Please copy out the full listing that follows exactly; no picture belongs in the copy.

(RECORD EXCERPTS begins)

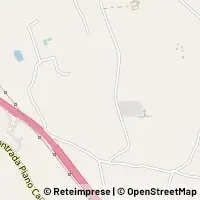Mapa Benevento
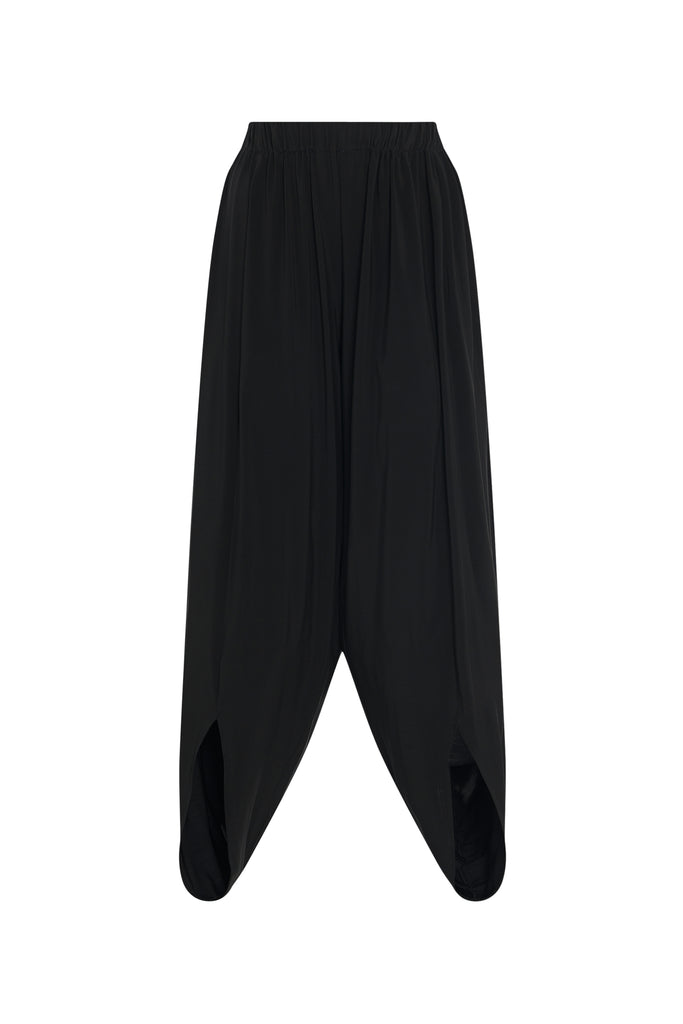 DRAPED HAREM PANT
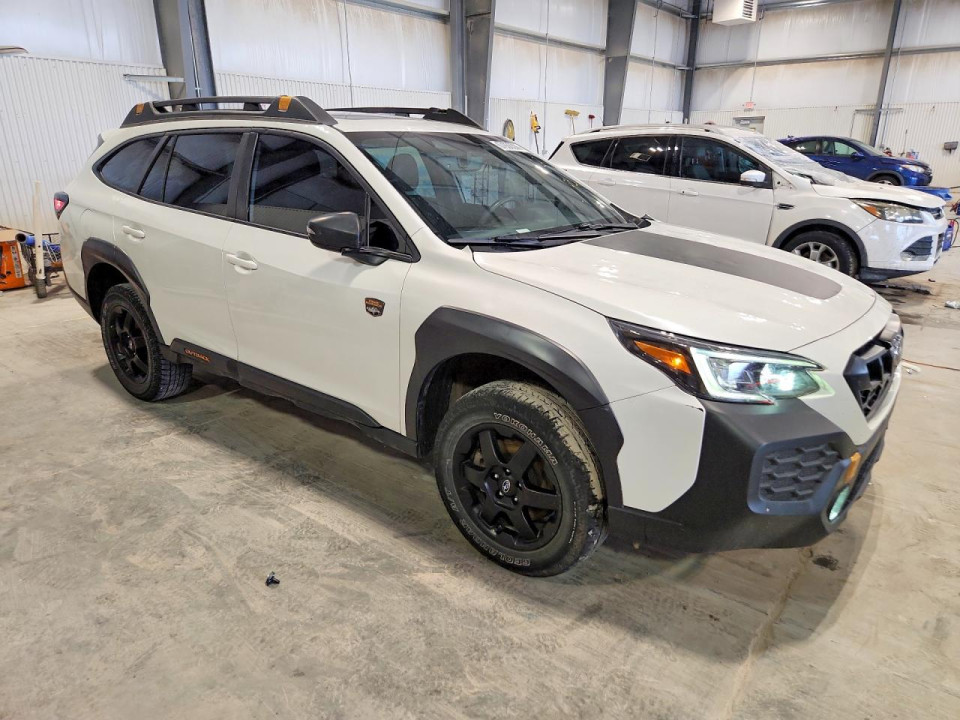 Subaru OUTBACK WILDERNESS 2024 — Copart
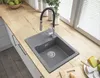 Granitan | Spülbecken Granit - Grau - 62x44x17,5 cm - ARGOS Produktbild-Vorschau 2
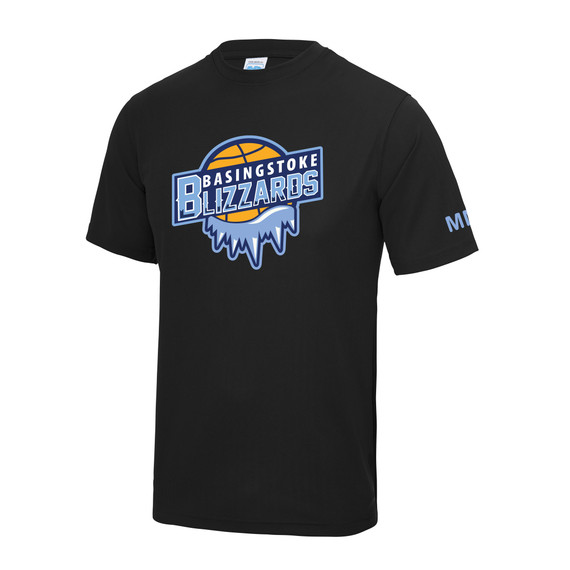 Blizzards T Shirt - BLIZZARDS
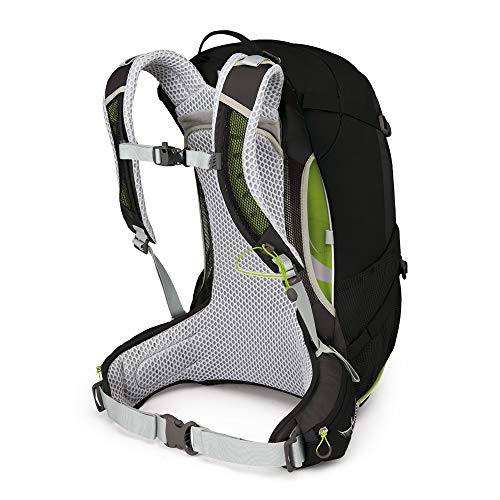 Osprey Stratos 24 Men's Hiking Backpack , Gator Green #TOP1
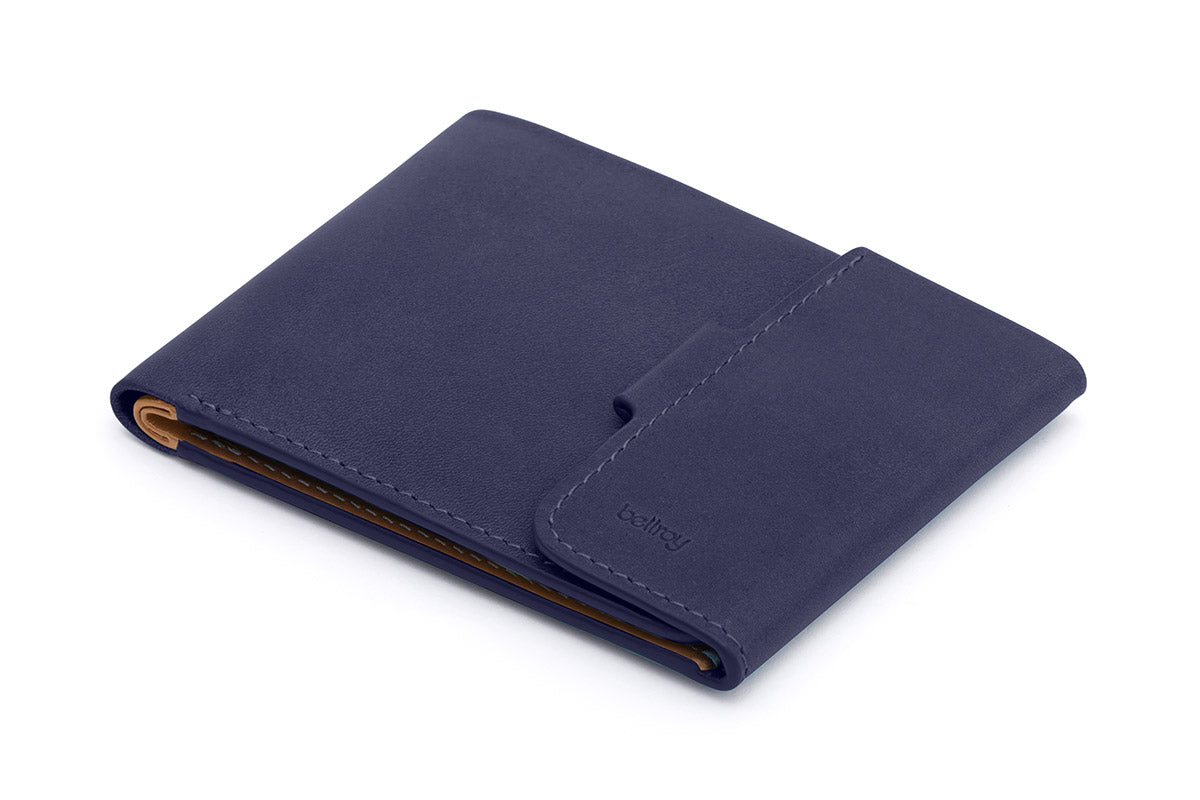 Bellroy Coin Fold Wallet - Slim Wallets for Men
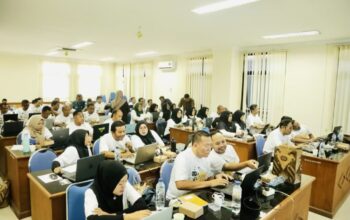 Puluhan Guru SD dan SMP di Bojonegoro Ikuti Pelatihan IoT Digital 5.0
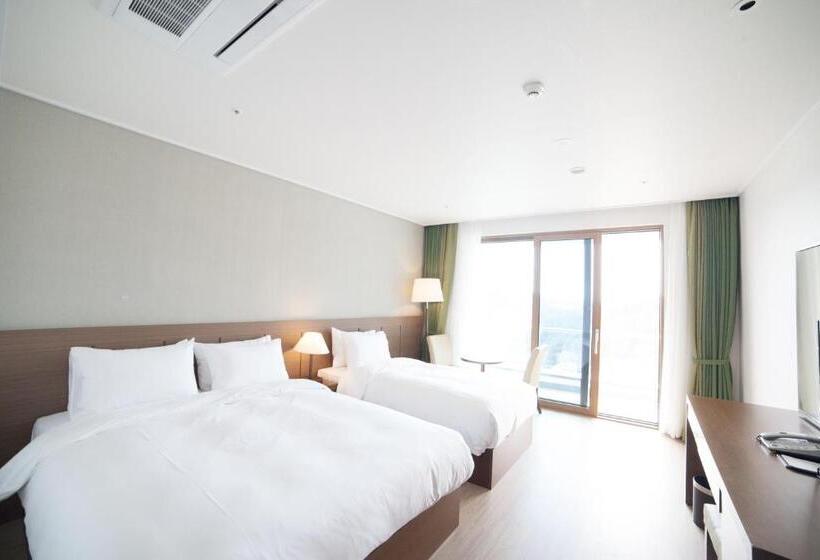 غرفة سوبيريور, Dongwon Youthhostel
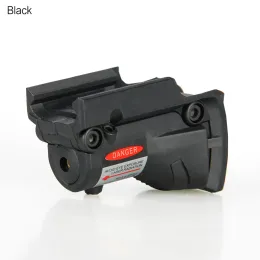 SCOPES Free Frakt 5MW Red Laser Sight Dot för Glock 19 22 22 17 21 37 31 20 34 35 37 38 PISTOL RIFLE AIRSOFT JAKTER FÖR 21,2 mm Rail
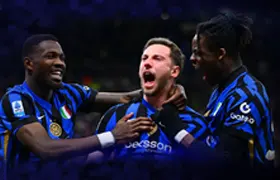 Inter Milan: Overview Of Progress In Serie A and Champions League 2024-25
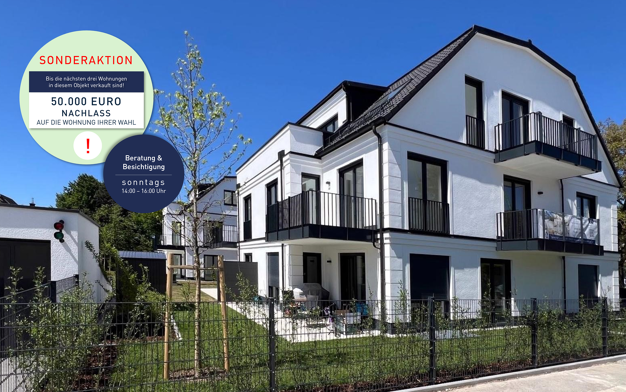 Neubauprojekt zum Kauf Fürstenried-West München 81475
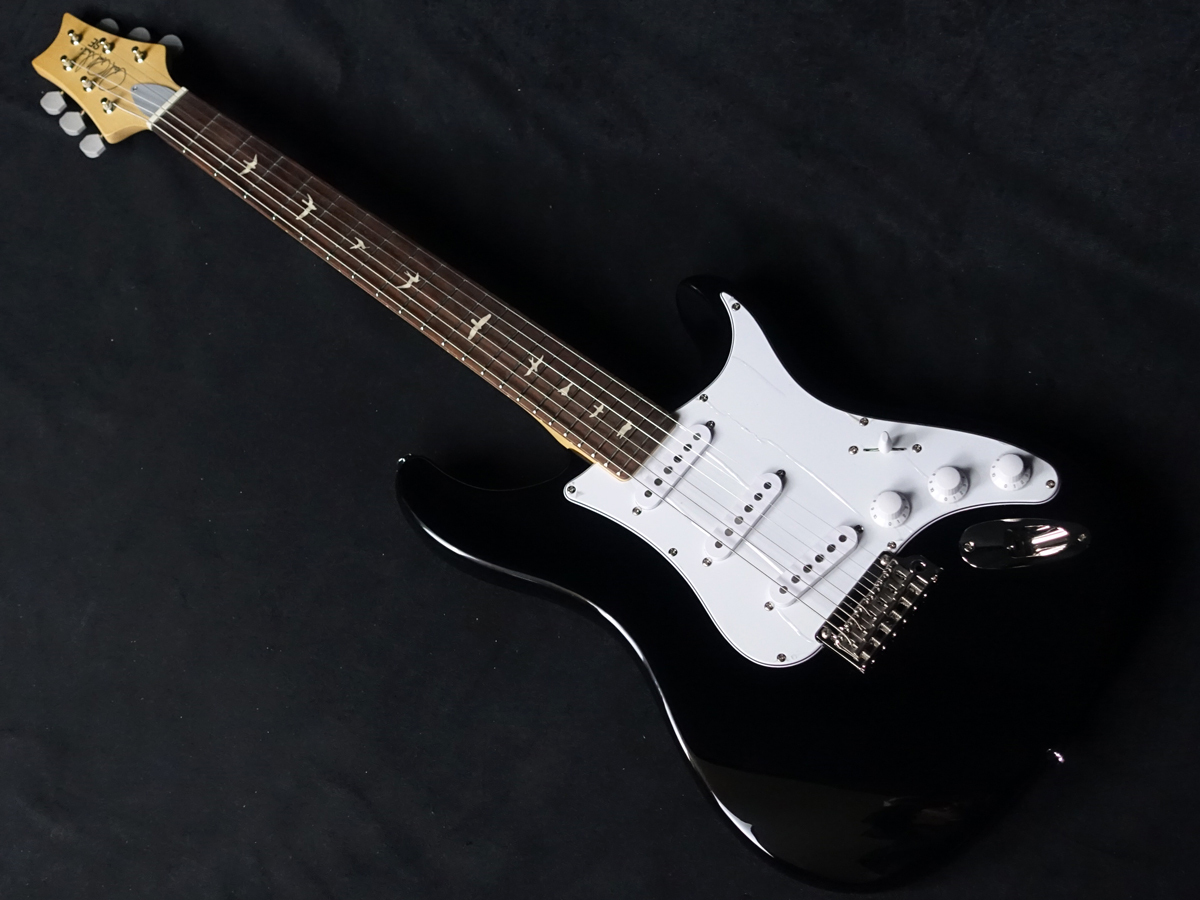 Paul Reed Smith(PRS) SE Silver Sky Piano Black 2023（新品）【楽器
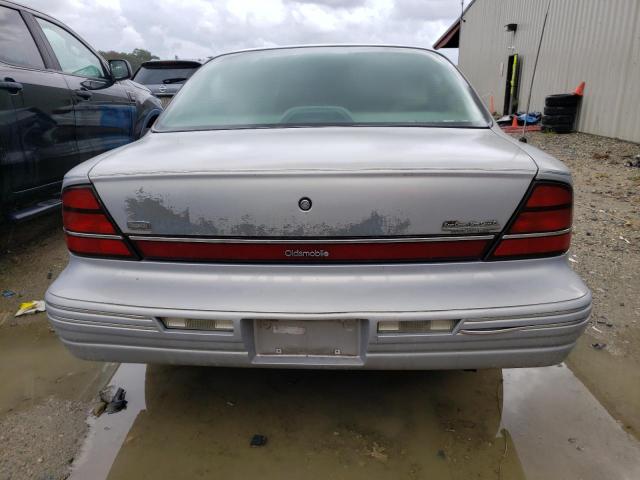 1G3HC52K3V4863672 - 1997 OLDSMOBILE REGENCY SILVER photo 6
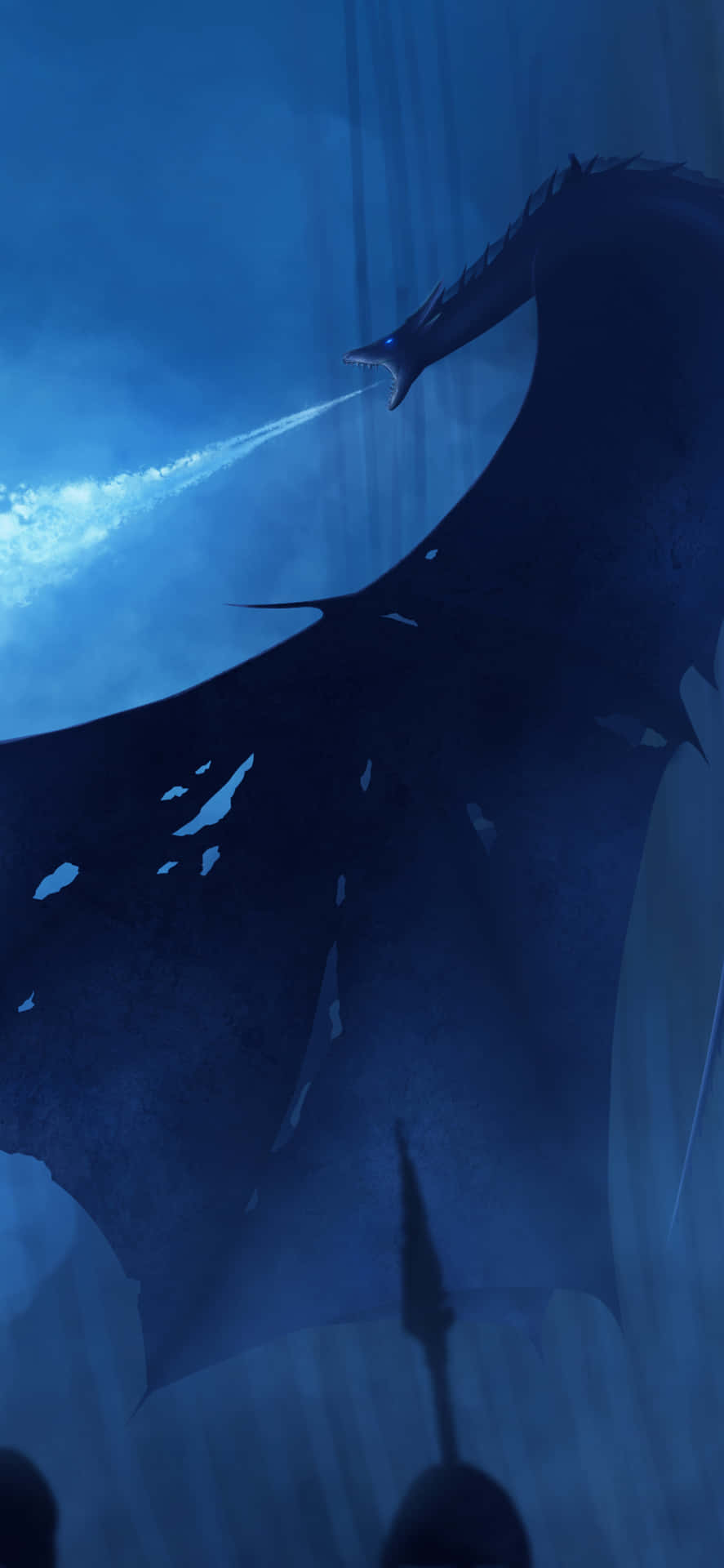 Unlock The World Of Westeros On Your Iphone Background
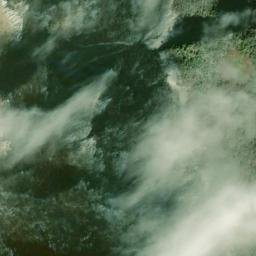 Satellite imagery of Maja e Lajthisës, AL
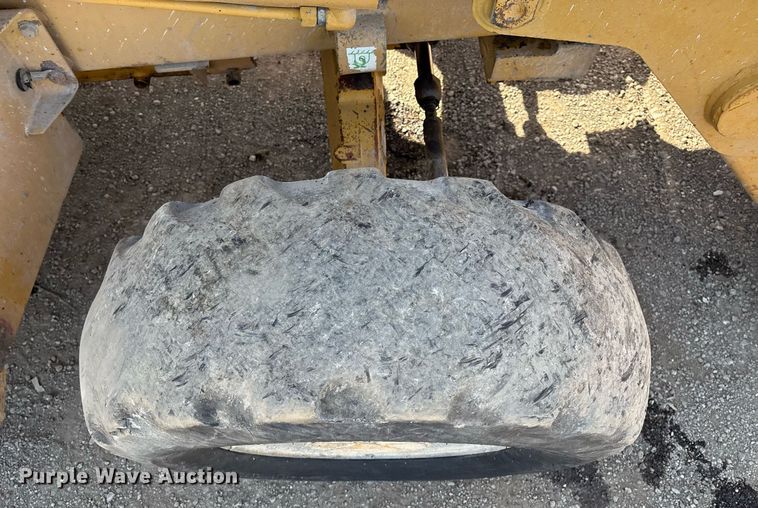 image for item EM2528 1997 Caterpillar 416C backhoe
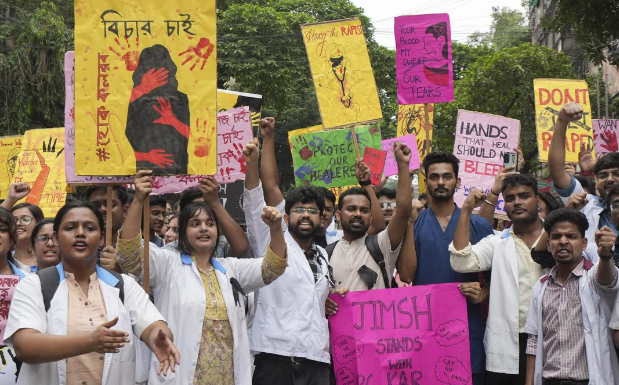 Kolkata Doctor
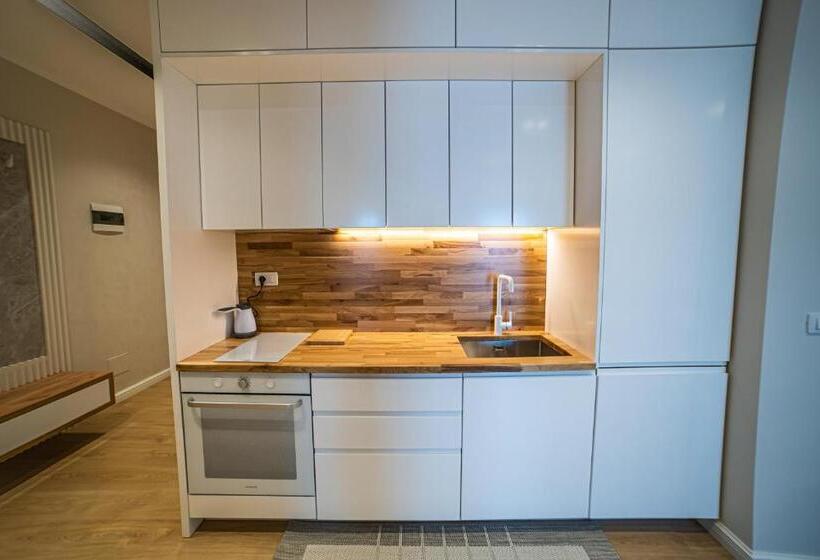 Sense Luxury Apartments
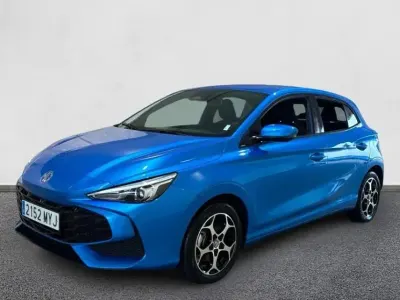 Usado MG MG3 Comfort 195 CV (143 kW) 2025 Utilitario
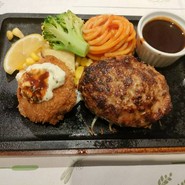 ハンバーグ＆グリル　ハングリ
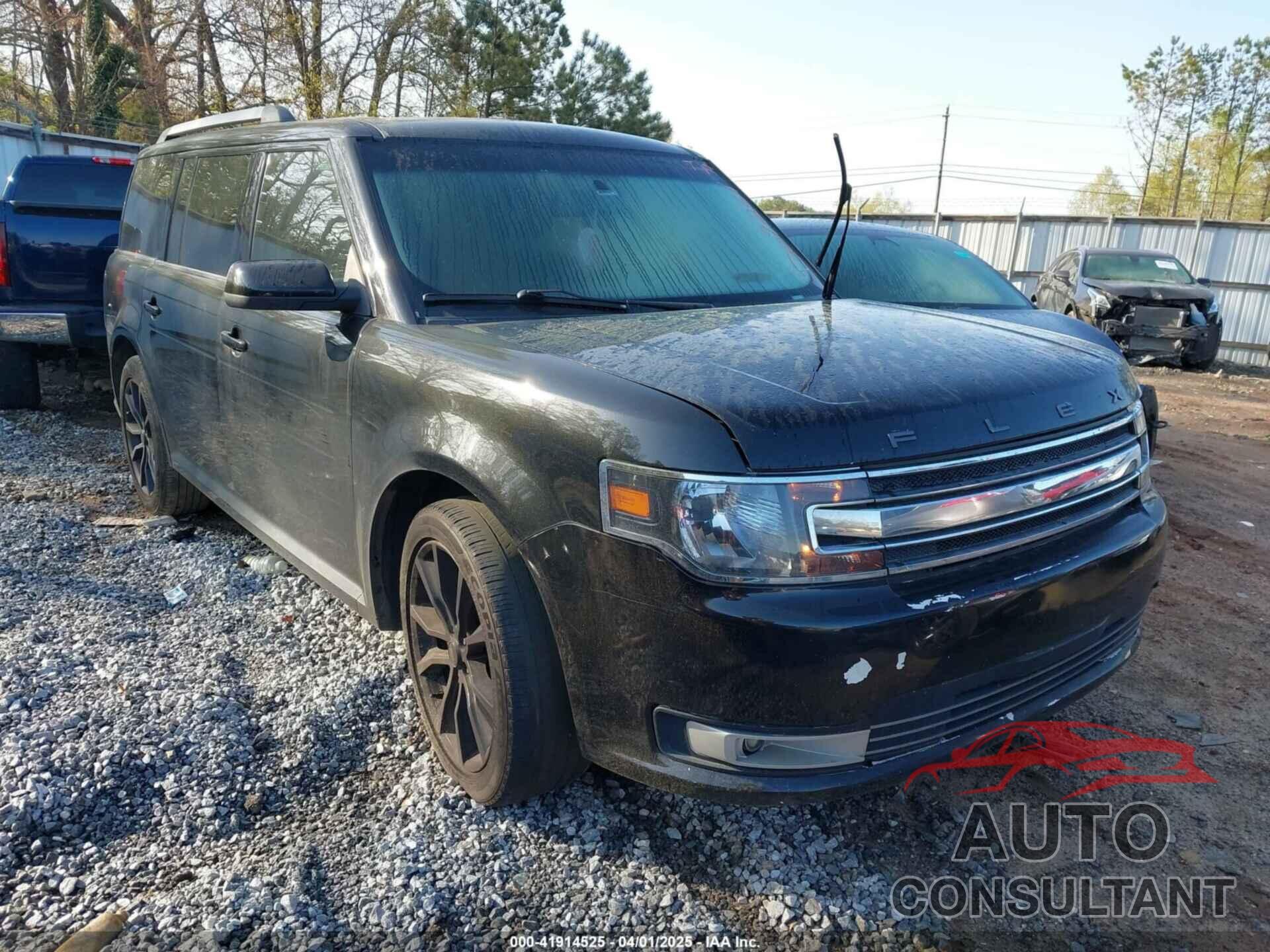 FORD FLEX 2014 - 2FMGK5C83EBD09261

(RECORD EXCERPTS ends)

RESPONSE ->
Mapa Benevento
 DRAPED HAREM PANT
 Subaru OUTBACK WILDERNESS 2024 — Copart
 Granitan | Spülbecken Granit - Grau - 62x44x17,5 cm - ARGOS Produktbild-Vorschau 2
 Blizzards T Shirt - BLIZZARDS
 Osprey Stratos 24 Men's Hiking Backpack , Gator Green #TOP1
 Bellroy Coin Fold Wallet - Slim Wallets for Men
 Puluhan Guru SD dan SMP di Bojonegoro Ikuti Pelatihan IoT Digital 5.0
 غرفة سوبيريور, Dongwon Youthhostel
 SCOPES Free Frakt 5MW Red Laser Sight Dot för Glock 19 22 22 17 21 37 31 20 34 35 37 38 PISTOL RIFLE AIRSOFT JAKTER FÖR 21,2 mm Rail
 Inter Milan: Overview Of Progress In Serie A and Champions League 2024-25
 Neubauprojekt zum Kauf Fürstenried-West München 81475
 Paul Reed Smith(PRS) SE Silver Sky Piano Black 2023（新品）【楽器
 1G3HC52K3V4863672 - 1997 OLDSMOBILE REGENCY SILVER photo 6
 Unlock The World Of Westeros On Your Iphone Background
 Satellite imagery of Maja e Lajthisës, AL
 image for item EM2528 1997 Caterpillar 416C backhoe
 Kolkata Doctor
 Sense Luxury Apartments
 Usado MG MG3 Comfort 195 CV (143 kW) 2025 Utilitario
 ハンバーグ＆グリル　ハングリ
 FORD FLEX 2014 - 2FMGK5C83EBD09261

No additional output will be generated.